Thursday, April 8th, 2010

I’ve visualized and visualized and visualized, and do you know of the million and one things I’ve visualized how many have actually happened in my life?  Oh, let’s see, maybe 20 or 30.

I used to teach visualization to writers in writing workshops.  I truly thought it would help writers achieve success.

And I wasn’t totally wrong about that.

Visualization can have great results.

BUT it can also make things worse.

A couple years ago, after I read The Secret and dove back into all my Abraham-Hicks books and tapes, I started visualizing like a mad woman.  I set aside an hour a day to visualize.  I also created a massive “Manifestation Board.”  I’m sure you’ve heard of these; it’s a more physical form of visualization.  You put pictures of things you want up on a bulletin board.

Ours was in our exercise room.  Since I spent at least an hour a day in there, doing physical action without a whole lot of mental requirement to it, I figured it made sense to have a wall full inspirational images to stare at.  Pictures of ocean view homes, huge checks, thin people, big RVs, beautiful vacation destinations, and clippings about lottery winners plastered the wall.  My life as I wanted it to be.

Two years after I put the pictures up, I took them all down and put them away.  I was disgusted with them.  Not a single thing from that wall had manifested in my life.

I stopped visualizing an hour a day too.  Nothing I’d visualized had manifested either.  In fact, I’d manifested the OPPOSITE of what I’d been focusing on.

Why?

This baffled me for a long time.  But I think I know the answer.

Visualization—either in the mind or on a board—isn’t the great law of attraction tool all the law of attraction coaches and authors and teachers say it is.

It CAN be.  But only if you do it right.

I wasn’t doing it right.

Most people aren’t.

What was I doing wrong?

I was doing the “Push Up Version” of visualization.

Push Up Visualization

Say hi to Ducky.

Ducky push up for blog

In the above picture, Ducky wants to manifest her dinner.  I’ve trained Ducky to either “sit” and “stay” or lie “down” and “stay” before she gets to eat.  I put her food in her feeding station, give her the command to sit or lie down, and she is to wait until I say, “Okay,” before she dives into her food.

Before I took the picture, I gave Ducky, the “down” command.  Notice that she’s not in a very impressive down.  It’s a little tough to tell from the picture’s angle, but she’s actually in a push up position. She’s holding her upper body about two inches off the ground.  She’s not in full down.  When she does this, I don’t release her to her food.

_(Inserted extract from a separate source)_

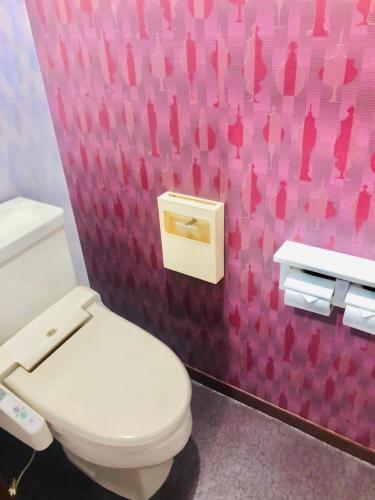 横浜市にあるfannys hotelのピンクの壁のバスルーム(白いトイレ付)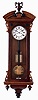 Lenzkirch, Germany, hanging regulator, walnut and walnut veneer case with ebonized trim, the door with applied, pierced scrolls at top and bottom, molded, broken arch top, with turned, ebonized bosses flanking a central plinth with urn finial, bottom with deeply molded bracket and turned drops, Roman numeral white enamel dial with seconds bit below 12:00, and signed "M.C. Unserud, Odense", fancy blued steel hands, ebonized pendulum rod with polished brass ball, weight driven, time and strike movement, serial #340935, c1870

I say to her a second time, “down” and usually add “all the way down.” She squeaks (I think she’s part mouse), and squirms lower to the floor.  THEN I say “Okay,” and she “manifests” her food.

The push up position Ducky gets into is a perfect illustration of what we do when we mess up visualization.  It shows how we aren’t FULLY in the visualization.

To be fully in a visualization, you can’t look at an imagined scene or a picture from outside of the scene or the picture.  In other words, you can’t look at it from a place of I’m over here having what I currently have, but I WANT this thing I’m thinking of or what’s in this picture on my wall.

I talked about the post, By Jove.  We can’t WANT something and get it.  We have to feel like we have it in order to get it.

All the visualization I did was Push Up Visualization.  It was half-done.  I thought about doing the things I wanted to do, and I looked at pictures of what I wanted to do but I never got to the point where I truly felt like I already had done and had become what I wanted to do and be.  I never did All The Way Down Visualization.

And how do you do that?

All The Way Down Visualization

I’m not a whiz at All The Way Down Visualization yet, so bear with me.  I’ve been playing with it over the last few days.  The best way I can describe this form of visualization, a form that I’m hypothesizing may be what we need, is this way:  It’s not about seeing yourself in a specific situation that you want, it’s about seeing yourself doing something that in the moment you’re visualizing it makes you feel good.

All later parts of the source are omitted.